What needs to be done :: Your copy starts at the line containing "Person holding a" and ends at the last line below. Copy exactly, without pictures.

==== Records shown

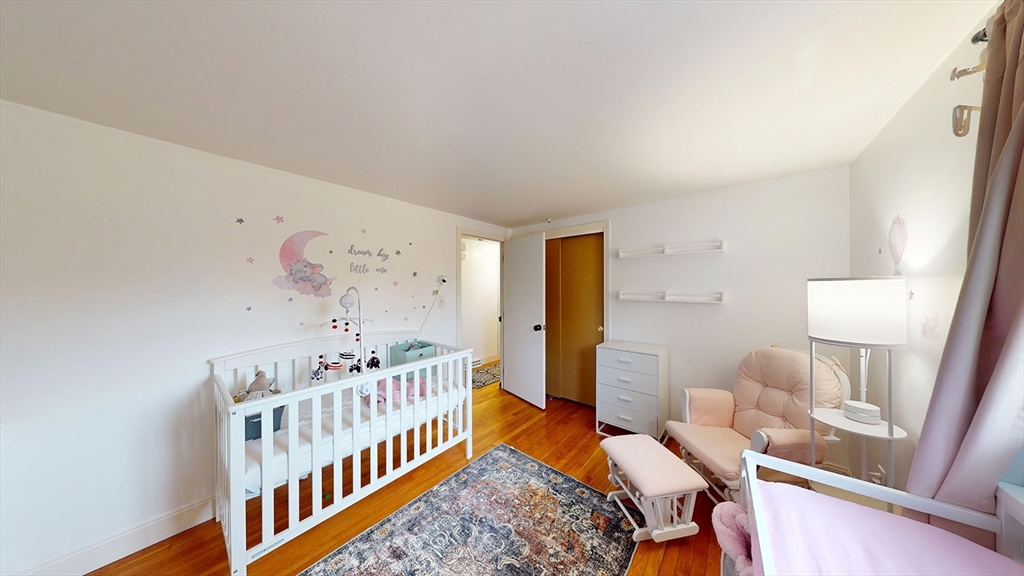 706 Mohawk Road Somerset, MA 02726 - Photo 22 of 33 a bedroom with furniture and a baby crib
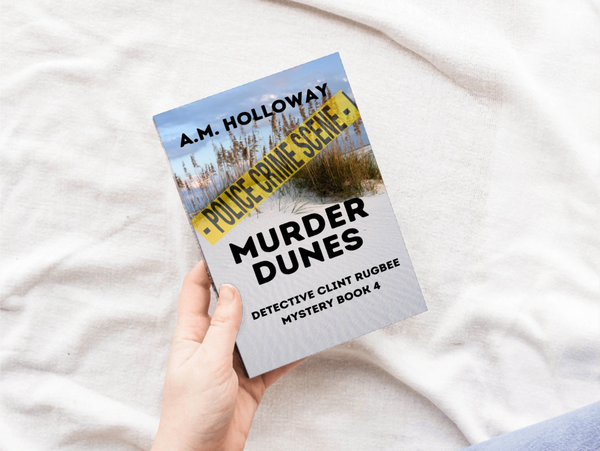 Person holding a mystery book titled Murder Dunes by A.M. Holloway.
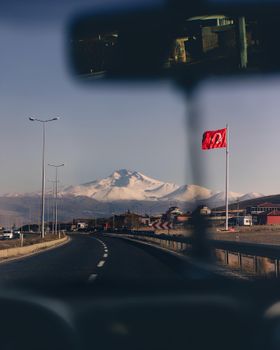 Breathtaking view of Mount Erciyes from a highway in Kayseri, Türkiye, near sunset.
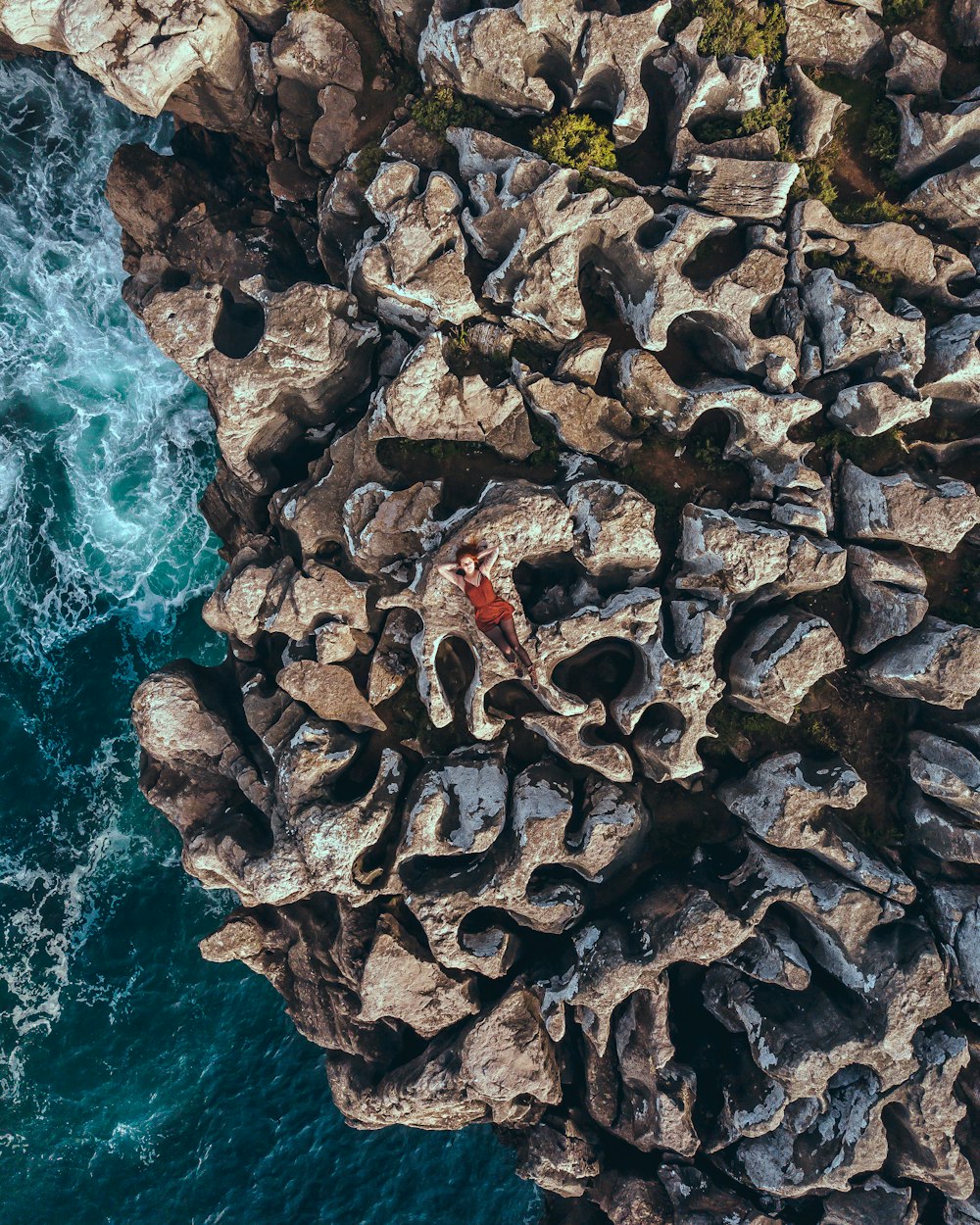 woman in red tank top lying on grey stone formation near sea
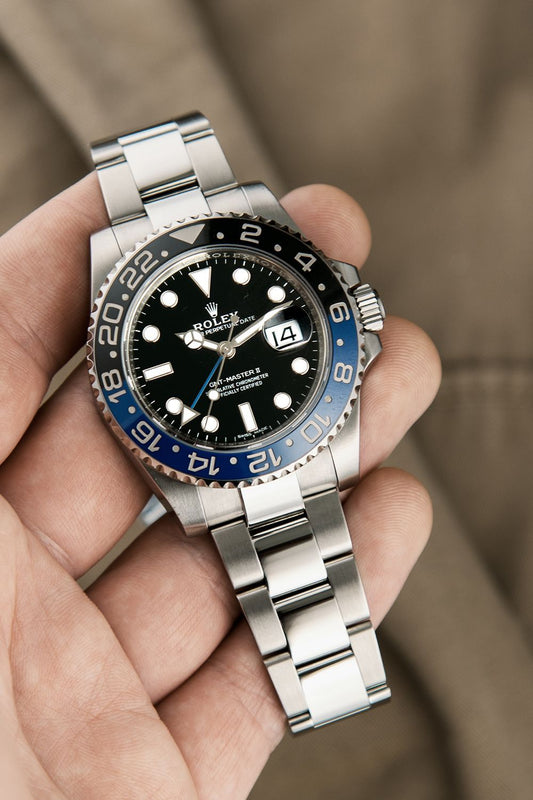 Rolex GMT-Master II "Batman" Oystersteel black dial watch.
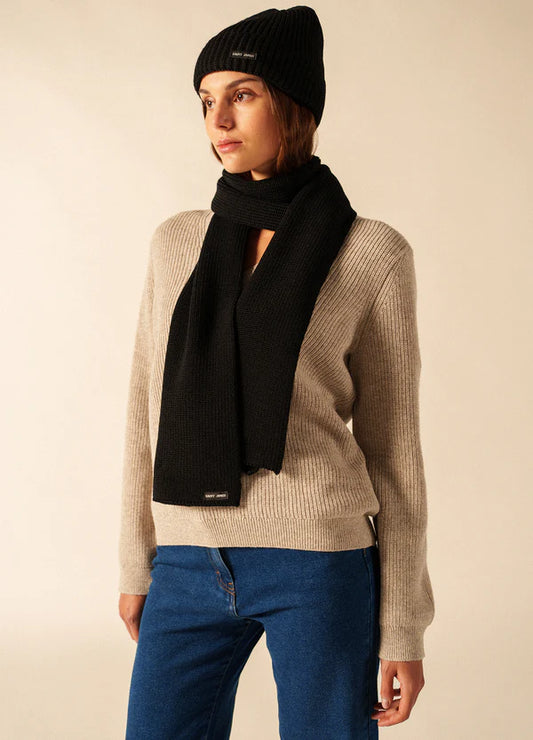 Eine Frau in einem beigen Pullover, blauen Jeans und einem SAINT JAMES Canot steht vor einem schlichten Hintergrund.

========

Reply ::
 Person holding a mystery book titled Murder Dunes by A.M. Holloway.
 Breathtaking view of Mount Erciyes from a highway in Kayseri, Türkiye, near sunset.
 woman in red tank top lying on grey stone formation near sea
 Rolex GMT-Master II "Batman" Oystersteel black dial watch.
 Eine Frau in einem beigen Pullover, blauen Jeans und einem SAINT JAMES Canot steht vor einem schlichten Hintergrund.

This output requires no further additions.